Paul and I love pasta – it’s affordable and can be made in so many ways, but we almost always stick to the basic pasta and tomato sauce combination, which is fine (especially since Paul makes a great classic tomato sauce) but once in a while we like to try something new.
I saw this recipe on Kraft Canada but I didn’t have some of the ingredients they called for so I adapted it to use the things I did have ready in my fridge instead of making a trip to the grocery store.
It turned out really well and is definitely something we’ll be doing more often. This recipe is super easy and quick and perfect for beginner cooks (like me) who want to do something a little more fancy than the usual pasta and tomato sauce.

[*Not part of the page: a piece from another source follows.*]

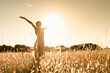 canvas print picture - Joyful Person Raising Arms morning  in Rural Field Under Summer Sunlight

Plus, this recipe is perfect for two people. One of my pet peeves is that almost all the recipes I find and want to try serve a huge amount of people, which is such a waste. I know that I can adapt any recipe down to two servings, but once in a while, it’s just nice to see something that’s made with a couple in mind.
ingredients
- 120 g linguine, uncooked
- 1 tablespoon olive oil
- 1/2 pound (225 g) uncooked jumbo shrimp, peeled and deveined
- 1/2 a red bell pepper, cut into thin strips
- 2 strips of bacon, cooked and cut into bite-size pieces
- 3/4 cup pasta sauce
- 2 tablespoons milk
- 1 teaspoon butter
directions
- Cook linguine as directed on package.
- Meanwhile, in a large skillet, heat the oil on medium-high heat. Add the shrimp and red peppers and cook until the shrimp turn pink (approximately 3 to 5 minutes).
- Turn the heat of the skillet down to low and add the pasta sauce and bacon. Mix all the ingredients in the skillet together. Add the milk and butter. Heat everything on low for about 5 minutes, stirring frequently.
- Drain the linguine and add to the ingredients in the skillet, tossing the noodles to make sure they're evenly coated.